**What is being asked**
Each entry that follows should be given again word for word; please leave out its pictures.

**Task inputs**
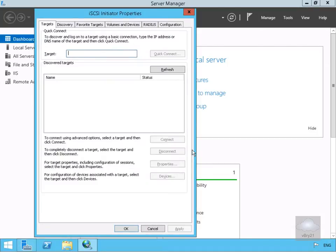Next thing we need to do now is we just need to specify what it is we're going to connect to. So I'm just going to connect through to my machine called LonDC1, so we'll select Quick Connect.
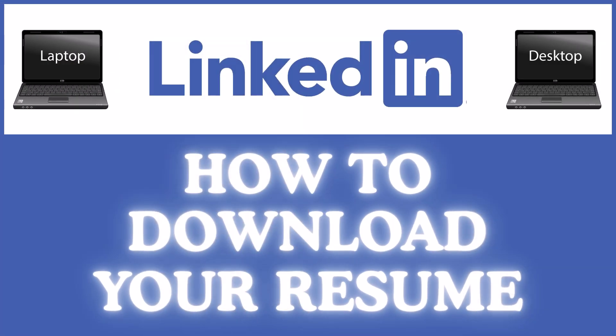This is a video tutorial on how to download your resume from the LinkedIn website. I will be using a desktop PC for this.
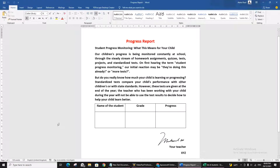Hello everyone. In today's video I would like to share a small technique which is very useful when you are going to create a repeated document. For example, if you want to issue a progress report for multiple students, there is a small option called Mail Merge which you can use smartly. It does not require any external software — you can use only Word and Excel for this.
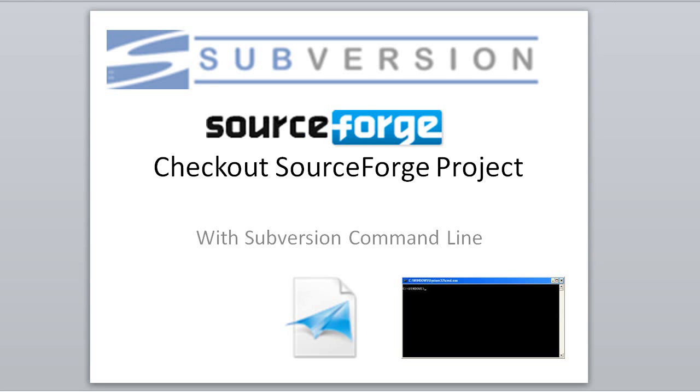This is a demo of checking out an open source project from SourceForge with Subversion. We will be getting our code from SourceForge. This is a website that hosts shared projects and code.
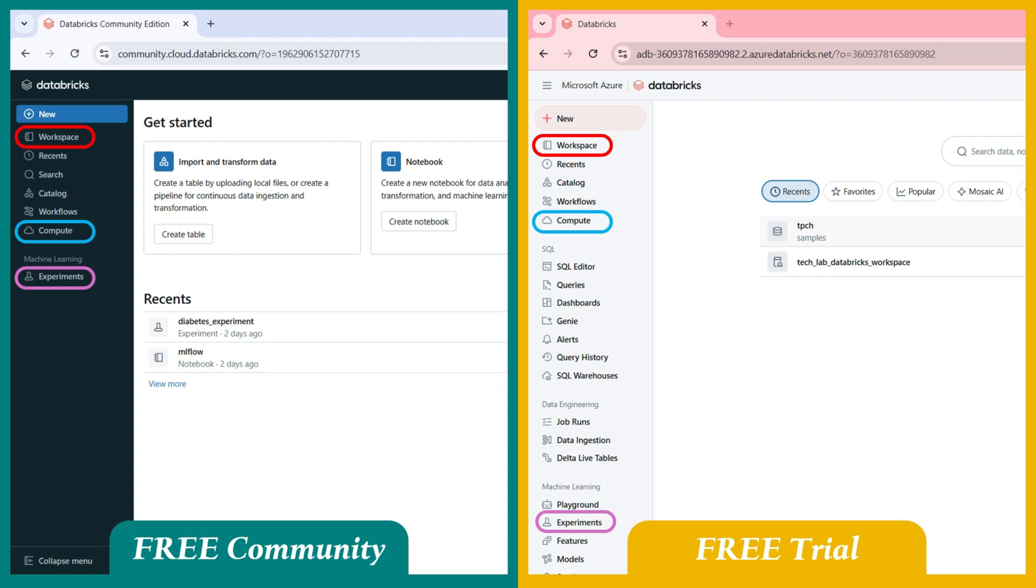Additionally, Premium Tier also includes powerful features not directly visible on the home page, such as Unity Catalog, Role-Based Access Control, Delta Sharing, and more. Some of these terms might be unfamiliar to you right now, but don't worry, we'll explore each of them in detail in the upcoming videos.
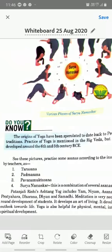Meditation is very necessary for the all-round development of students. It develops an art of living and a positive outlook towards life. Yoga is helpful for physical, mental, intellectual, and spiritual development. Yoga helps reduce stress and brings peace to our lives. Yoga should be a part of our daily routine. This chapter is now complete.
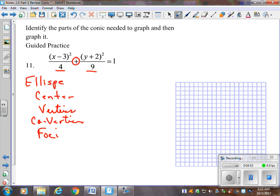We take the information inside the parentheses and make a center out of it — make them the opposite, positive 3 and negative 2. With vertices, you've got to pay attention because there's a major axis and a minor axis with an ellipse. The major one is the longer one, so Y is longer, making that A. You take the square root to get 3, and B equals 2. The bigger one must be A when plugging in to find the foci.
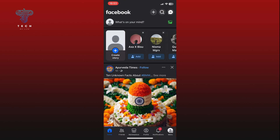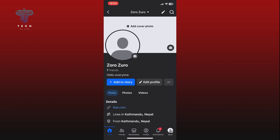Go to your Facebook profile by tapping on your current profile picture at the top left corner of your screen. Once you're on your profile page, scroll through your posts to find the one that you want to pin.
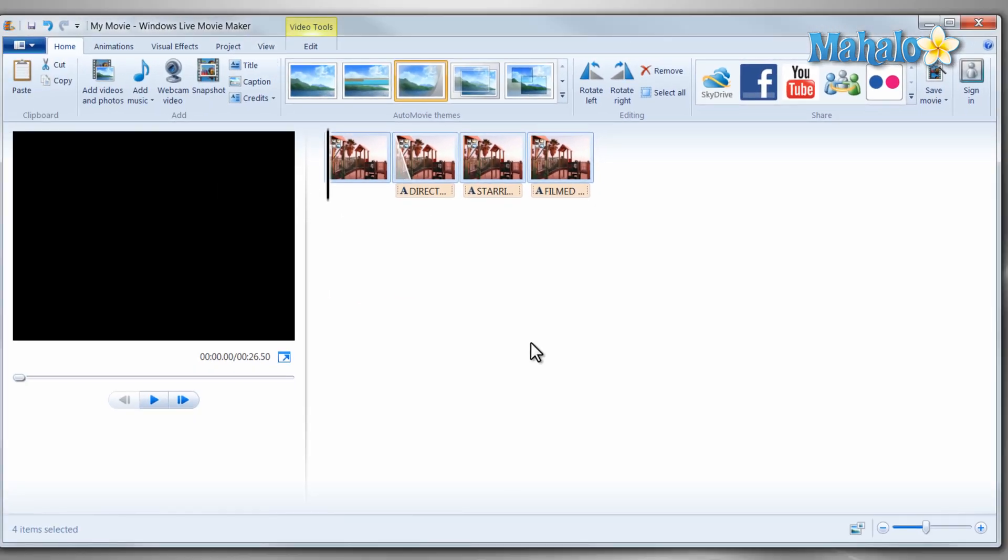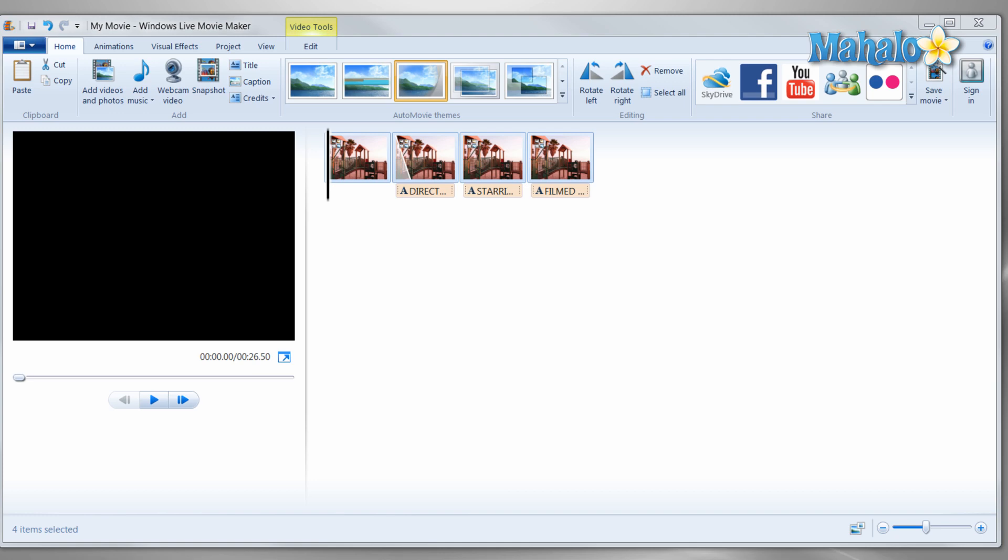As well as all these other features, you can also export your video directly to a DVD. So if you want to stay tuned to this learning course, I'll be showing you all the features and functions of Windows Live Movie Maker. Make sure to click on the next lesson at the end of this video.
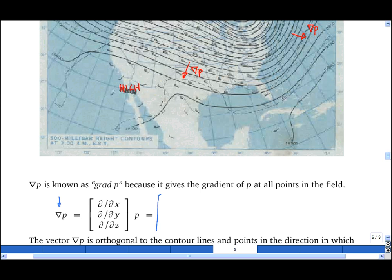Which I can write out as partial dp/dx in the x direction, partial dp/dy in the y direction, and partial dp/dz in the z direction. Therefore, we see that del is a vector operator, and when operating on a scalar, it gives a vector.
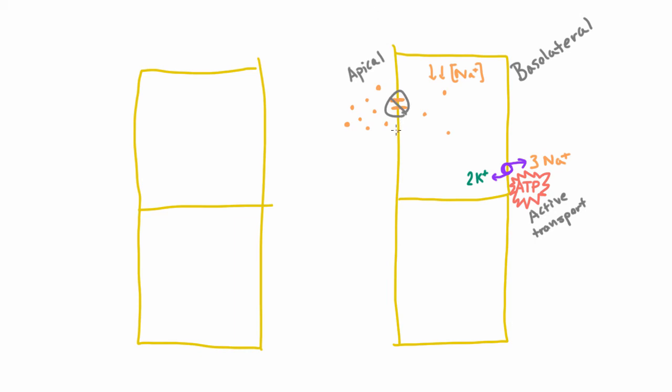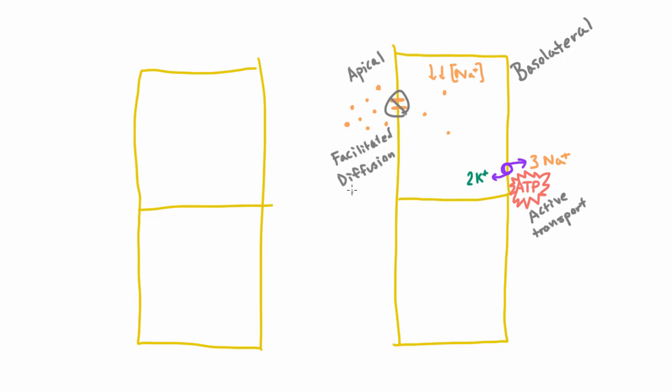But sodium does just cross this apical membrane by diffusion through special channels. That process we don't call active transport. We call it facilitated diffusion. It's facilitated because we have those special channels that allow sodium through. And it's just a process of diffusion where sodium goes from higher concentration to lower concentration.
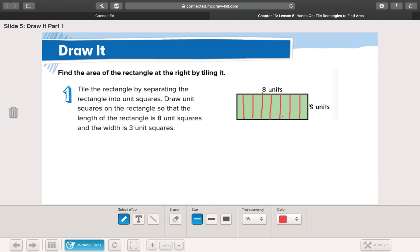Now on this side I want three, so I'm going to divide this side into thirds. It's not perfect — yours might not be either. As long as we have three this way and eight this way, then we can understand that we could count them all.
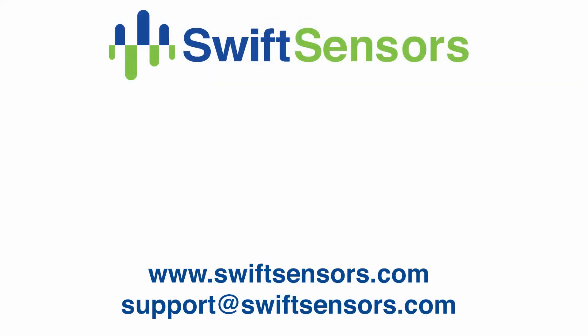For more information, please visit us at www.swiftsensors.com or email us at support@swiftsensors.com.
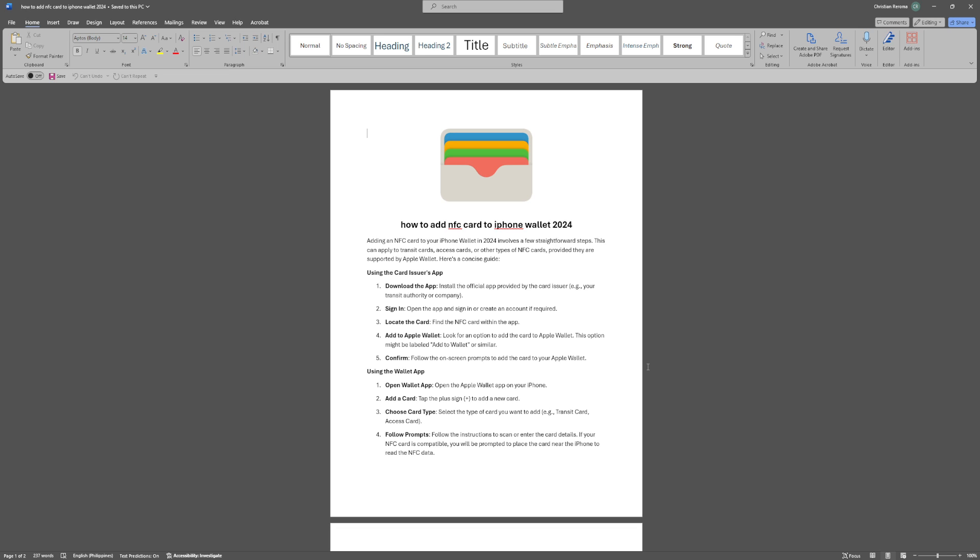First, we can use the card issuer's app. Download and install the official app provided by the card issuer. Open the app and sign in or create an account if required.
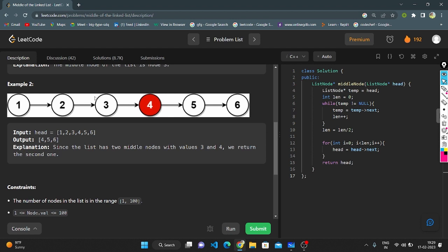In example two, it is even. If even, we will get two middle nodes. Then we need to return from the second node onwards. Here nodes are 1, 2, 3, 4, 5, 6. We are returning 4, 5, 6.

**Result of this task**
Next thing we need to do now is we just need to specify what it is we're going to connect to. So I'm just going to connect through to my machine called LonDC1, so we'll select Quick Connect.
This is a video tutorial on how to download your resume from the LinkedIn website. I will be using a desktop PC for this.
Hello everyone. In today's video I would like to share a small technique which is very useful when you are going to create a repeated document. For example, if you want to issue a progress report for multiple students, there is a small option called Mail Merge which you can use smartly. It does not require any external software — you can use only Word and Excel for this.
This is a demo of checking out an open source project from SourceForge with Subversion. We will be getting our code from SourceForge. This is a website that hosts shared projects and code.
Additionally, Premium Tier also includes powerful features not directly visible on the home page, such as Unity Catalog, Role-Based Access Control, Delta Sharing, and more. Some of these terms might be unfamiliar to you right now, but don't worry, we'll explore each of them in detail in the upcoming videos.
Meditation is very necessary for the all-round development of students. It develops an art of living and a positive outlook towards life. Yoga is helpful for physical, mental, intellectual, and spiritual development. Yoga helps reduce stress and brings peace to our lives. Yoga should be a part of our daily routine. This chapter is now complete.
We take the information inside the parentheses and make a center out of it — make them the opposite, positive 3 and negative 2. With vertices, you've got to pay attention because there's a major axis and a minor axis with an ellipse. The major one is the longer one, so Y is longer, making that A. You take the square root to get 3, and B equals 2. The bigger one must be A when plugging in to find the foci.
Go to your Facebook profile by tapping on your current profile picture at the top left corner of your screen. Once you're on your profile page, scroll through your posts to find the one that you want to pin.
As well as all these other features, you can also export your video directly to a DVD. So if you want to stay tuned to this learning course, I'll be showing you all the features and functions of Windows Live Movie Maker. Make sure to click on the next lesson at the end of this video.
Which I can write out as partial dp/dx in the x direction, partial dp/dy in the y direction, and partial dp/dz in the z direction. Therefore, we see that del is a vector operator, and when operating on a scalar, it gives a vector.
But sodium does just cross this apical membrane by diffusion through special channels. That process we don't call active transport. We call it facilitated diffusion. It's facilitated because we have those special channels that allow sodium through. And it's just a process of diffusion where sodium goes from higher concentration to lower concentration.
Now on this side I want three, so I'm going to divide this side into thirds. It's not perfect — yours might not be either. As long as we have three this way and eight this way, then we can understand that we could count them all.
For more information, please visit us at www.swiftsensors.com or email us at support@swiftsensors.com.
First, we can use the card issuer's app. Download and install the official app provided by the card issuer. Open the app and sign in or create an account if required.
In example two, it is even. If even, we will get two middle nodes. Then we need to return from the second node onwards. Here nodes are 1, 2, 3, 4, 5, 6. We are returning 4, 5, 6.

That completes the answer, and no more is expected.